The child was petted, threatened, punished, yet she continued to scream till at last, almost black in the face and breathless, she fell to the ground in convulsions. Father Cornelius bent over her, blessed her with the sign of the cross, beat her with his rosary and recited an exorcism:—
“Go forth, go forth, thou evil spirit!”
Nothing did any good: he then lifted her in his arms, opened her mouth and forced her to swallow one of the balls of dark paste. He began to stroke her hair gently and whisper into her ear. The little girl grew calmer, she seemed to have dozed off, but her eyes remained open, her pupils dilated with a fixed stare, as in delirium. Tichon listened to the man’s whisper. He was telling her about the Heavenly Kingdom, the Garden of Eden.
“Uncle, will there be any raspberries there?” asked Akoulína.
“Yes, dear, there will. Very large berries, the size of an apple, and so sweet, so sweet!”

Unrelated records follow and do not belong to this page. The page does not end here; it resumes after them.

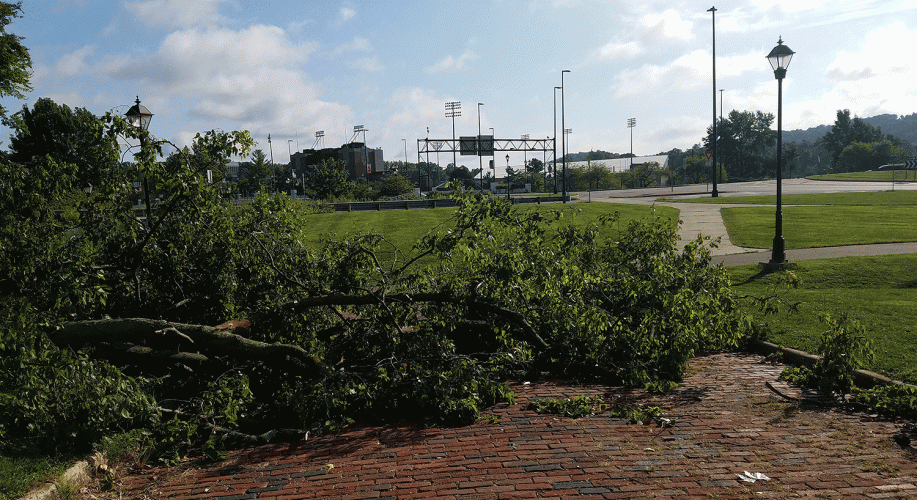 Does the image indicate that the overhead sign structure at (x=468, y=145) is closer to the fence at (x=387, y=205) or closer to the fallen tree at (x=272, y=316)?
the fence at (x=387, y=205)

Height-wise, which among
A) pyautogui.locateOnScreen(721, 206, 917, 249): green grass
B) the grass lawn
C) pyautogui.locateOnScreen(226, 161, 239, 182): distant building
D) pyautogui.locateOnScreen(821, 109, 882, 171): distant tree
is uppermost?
pyautogui.locateOnScreen(821, 109, 882, 171): distant tree

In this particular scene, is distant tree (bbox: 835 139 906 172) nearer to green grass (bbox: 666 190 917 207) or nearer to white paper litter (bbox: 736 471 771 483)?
green grass (bbox: 666 190 917 207)

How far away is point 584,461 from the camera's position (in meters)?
4.83

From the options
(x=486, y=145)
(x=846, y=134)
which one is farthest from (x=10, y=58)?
(x=846, y=134)

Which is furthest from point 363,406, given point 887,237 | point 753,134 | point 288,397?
point 753,134

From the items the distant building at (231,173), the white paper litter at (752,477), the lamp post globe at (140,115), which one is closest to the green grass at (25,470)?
the distant building at (231,173)

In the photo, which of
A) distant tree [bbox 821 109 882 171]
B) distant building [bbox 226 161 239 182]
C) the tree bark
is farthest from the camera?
distant tree [bbox 821 109 882 171]

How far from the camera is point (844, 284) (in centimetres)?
1284

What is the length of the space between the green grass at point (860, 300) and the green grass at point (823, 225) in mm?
3445

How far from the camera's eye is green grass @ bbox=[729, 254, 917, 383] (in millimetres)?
7625

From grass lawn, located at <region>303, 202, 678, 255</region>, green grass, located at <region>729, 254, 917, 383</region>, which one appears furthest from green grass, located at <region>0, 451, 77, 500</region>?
grass lawn, located at <region>303, 202, 678, 255</region>

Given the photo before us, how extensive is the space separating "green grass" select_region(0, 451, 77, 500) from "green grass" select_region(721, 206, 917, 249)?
17.3 m

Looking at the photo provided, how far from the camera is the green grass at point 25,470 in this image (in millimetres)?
4141

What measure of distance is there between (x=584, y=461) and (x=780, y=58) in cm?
1267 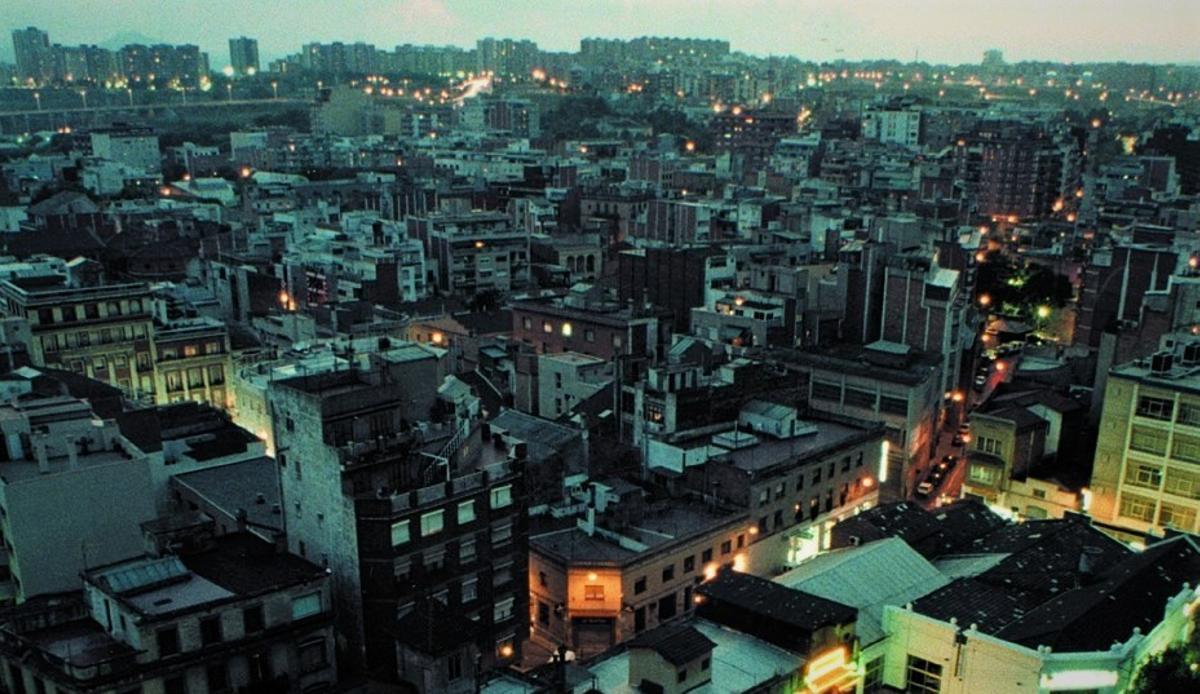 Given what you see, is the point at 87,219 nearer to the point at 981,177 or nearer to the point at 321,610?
the point at 321,610

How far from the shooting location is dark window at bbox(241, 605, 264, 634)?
88.7 feet

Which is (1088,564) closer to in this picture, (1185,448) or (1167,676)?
(1167,676)

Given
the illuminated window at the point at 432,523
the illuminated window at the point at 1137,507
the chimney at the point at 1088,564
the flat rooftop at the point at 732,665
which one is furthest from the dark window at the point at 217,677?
the illuminated window at the point at 1137,507

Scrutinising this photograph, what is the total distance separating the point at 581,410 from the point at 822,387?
14.0 m

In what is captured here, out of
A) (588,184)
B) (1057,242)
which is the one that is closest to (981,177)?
(1057,242)

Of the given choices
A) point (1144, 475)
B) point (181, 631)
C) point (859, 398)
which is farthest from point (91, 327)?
point (1144, 475)

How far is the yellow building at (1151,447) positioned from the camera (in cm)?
4419

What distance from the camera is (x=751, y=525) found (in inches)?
1689

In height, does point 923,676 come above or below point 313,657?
below

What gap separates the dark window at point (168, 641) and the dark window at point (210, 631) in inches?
25.5

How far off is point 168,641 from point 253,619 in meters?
2.29

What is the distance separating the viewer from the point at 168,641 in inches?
1008

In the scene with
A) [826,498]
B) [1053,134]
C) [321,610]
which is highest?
[1053,134]

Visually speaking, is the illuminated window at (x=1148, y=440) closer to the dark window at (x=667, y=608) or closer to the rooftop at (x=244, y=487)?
the dark window at (x=667, y=608) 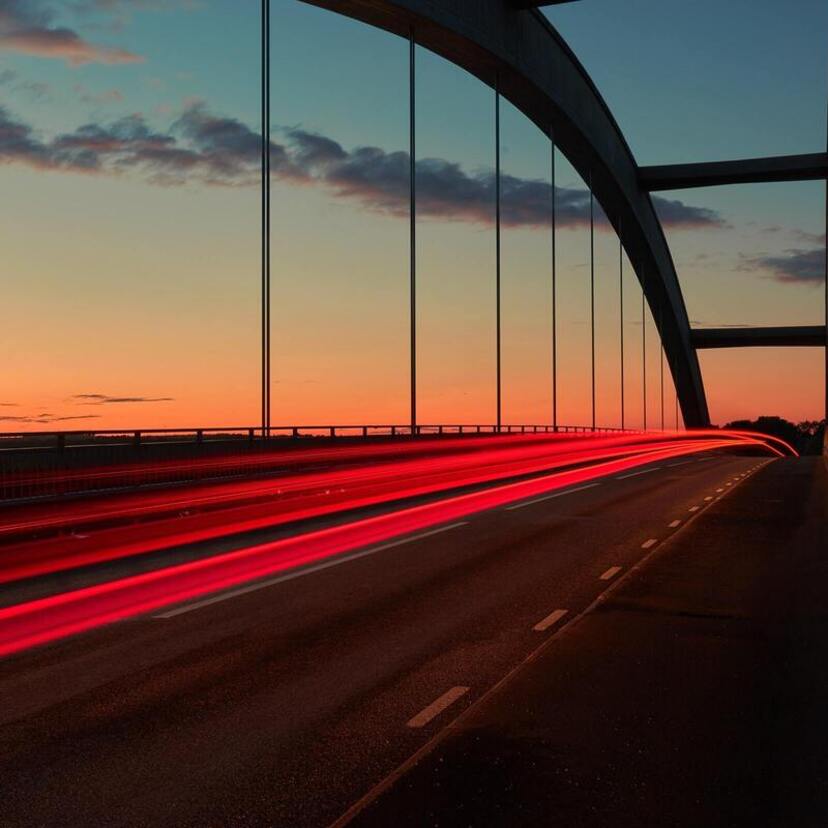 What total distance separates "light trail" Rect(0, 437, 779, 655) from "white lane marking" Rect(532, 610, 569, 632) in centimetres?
350

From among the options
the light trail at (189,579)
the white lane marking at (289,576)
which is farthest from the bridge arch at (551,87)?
the white lane marking at (289,576)

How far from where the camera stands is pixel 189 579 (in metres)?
12.1

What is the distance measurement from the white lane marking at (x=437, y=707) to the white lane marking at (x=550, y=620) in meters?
2.27

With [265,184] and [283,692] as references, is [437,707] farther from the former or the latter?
[265,184]

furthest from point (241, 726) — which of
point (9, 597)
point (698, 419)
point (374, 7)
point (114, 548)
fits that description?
point (698, 419)

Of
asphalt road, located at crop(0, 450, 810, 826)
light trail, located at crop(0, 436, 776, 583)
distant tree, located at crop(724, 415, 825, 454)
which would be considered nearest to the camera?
asphalt road, located at crop(0, 450, 810, 826)

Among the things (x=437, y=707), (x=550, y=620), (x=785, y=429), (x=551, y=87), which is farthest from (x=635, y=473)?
(x=785, y=429)

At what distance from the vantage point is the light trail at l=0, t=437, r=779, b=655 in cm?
951

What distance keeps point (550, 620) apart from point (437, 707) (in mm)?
3179

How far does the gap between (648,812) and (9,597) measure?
771 cm

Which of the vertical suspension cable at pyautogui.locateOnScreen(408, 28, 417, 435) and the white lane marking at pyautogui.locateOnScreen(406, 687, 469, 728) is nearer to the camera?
the white lane marking at pyautogui.locateOnScreen(406, 687, 469, 728)

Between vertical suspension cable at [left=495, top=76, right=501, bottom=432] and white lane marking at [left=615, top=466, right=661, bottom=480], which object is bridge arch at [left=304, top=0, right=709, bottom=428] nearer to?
vertical suspension cable at [left=495, top=76, right=501, bottom=432]

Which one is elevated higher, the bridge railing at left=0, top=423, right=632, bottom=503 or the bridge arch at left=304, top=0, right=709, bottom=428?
the bridge arch at left=304, top=0, right=709, bottom=428

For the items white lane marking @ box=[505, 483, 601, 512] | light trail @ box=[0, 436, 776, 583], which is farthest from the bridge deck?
white lane marking @ box=[505, 483, 601, 512]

The little girl smiled, she evidently rejoiced at the idea of these heavenly raspberries. The old man continued to fondle and lull her with almost motherly tenderness. Yet to Tichon there appeared something insane, pathetic, hungry, in the monk’s luminous eyes. “Like a spider sucking in a fly,” thought he.
The second night came; but there was no sign of the soldiers.
During the night, one of the old nuns made her escape. When all were asleep, even the guards, she crept out on the roof, and tried to let herself down with a rope of neckerchiefs she had tied together, but they gave way and she fell. For a long time her moanings were heard under the windows, but at last they ceased; maybe she had crept away, or passers-by had picked her up.
There was little room in the chapel. The victims slept on the floor close to one another, the men on the right, the women on the left. Yet—were they dreams or demons?—shadows stealthily flitted from the right to the left, from the left to the right.